Socrates: I should say, in the best of the three, those which a man must like both for their own sake and for their consequences, if he's going to live the kind of life one wants to have.

Glaucon: Well, that's not what most people think; they reckon it belongs to the tedious
kind of good, which has to be pursued in order to earn a wage, or, for appearance's sake,
to be well thought of.

This attitude of mind defines the Pure Technologist. Pure technology is the building of machines for their own sake and for the pride or pleasure of accomplishment. It is a creative art form somewhere between art and science. Some examples of pure technology are the record-breaking vehicle, built purely to see if it will behave as intended; the chess-playing computer program, devised for the sheer entertainment of seeing how well it makes out; and that masterpiece in miniature, Scientific American's Great International Paper Airplane Competition.
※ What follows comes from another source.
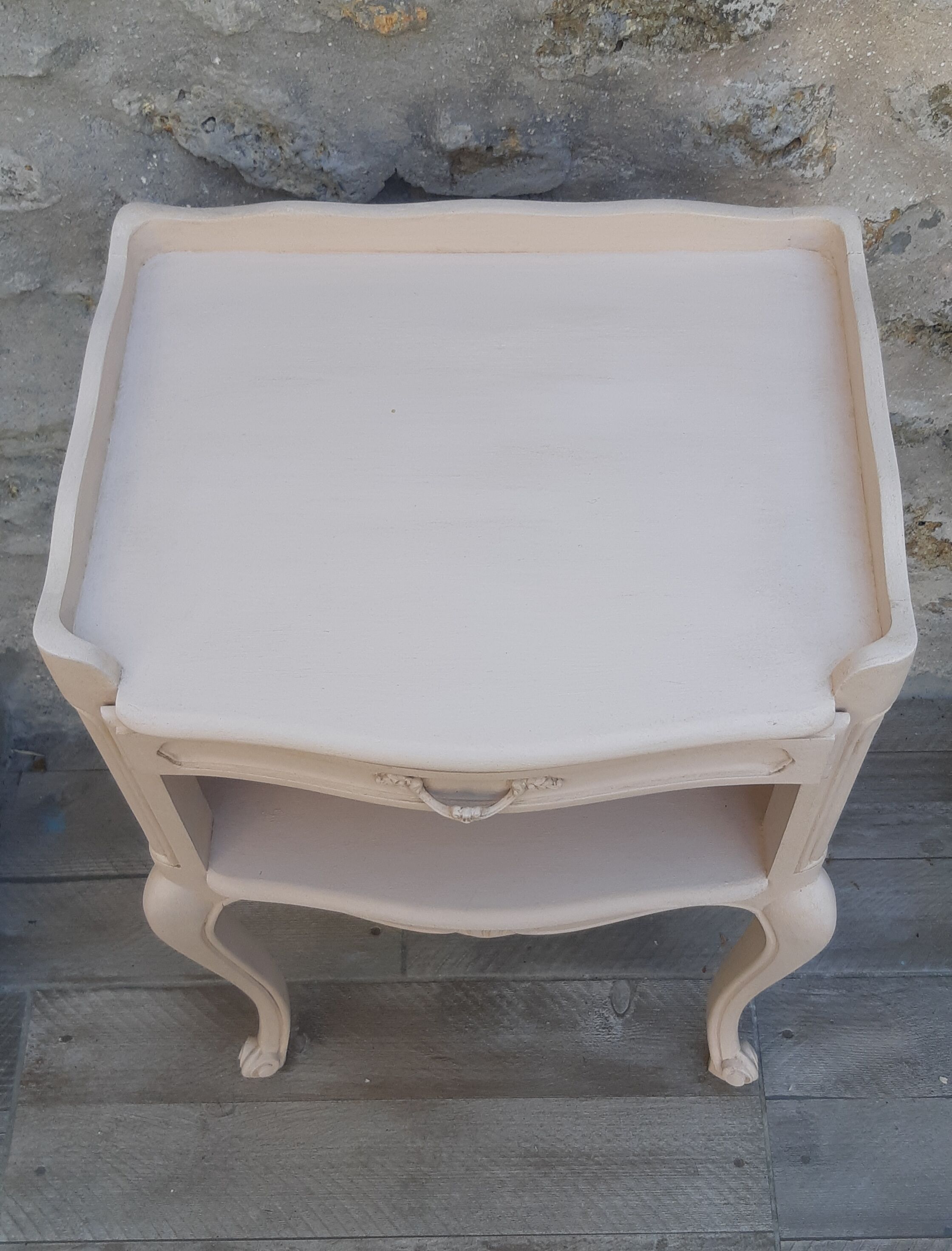 Bedside table in powder pink shabby style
Most other technical projects have some degree of purity, though the assessment of such a subjective quality will rarely be clear-cut. What is the purity status of a cuckoo in a cuckoo clock, for example? Or on a grander scale, is a particle accelerator pure technology? To the physicist it is as applied as any other of his instruments; to the engineer constructing it, it has only to work as intended, and so is pure; an outsider will judge it as pure or as applied according as he judges nuclear physics itself. Yet despite its confusion with (and indeed, latterly, deliberate disguise as) the applied variety, pure technology is recognizable throughout history as one of the minor muses.

CLASSICAL PIONEERS

The first indubitable instances occur rather late in Classical times. The great Athenian achievements in art and science occurred without any comparable revolution in technology. Nowhere do Glaucon or Socrates express any appreciation of the aesthetically or intellectually stimulating qualities of technology—for them it was firmly in the third, humdrum class of good. Not until Alexandria took over from Athens as the intellectual center of the world did major progress in empirical techniques occur. The "Museum" at Alexandria, founded around 300 B.C. by one of Alexander the Great's generals to be the intellectual showpiece of his regime, was for many centuries a unique library, artistic center, and research institute, and shared so many of the features of modern research establishments that it may fairly be called the MIT of the ancient world.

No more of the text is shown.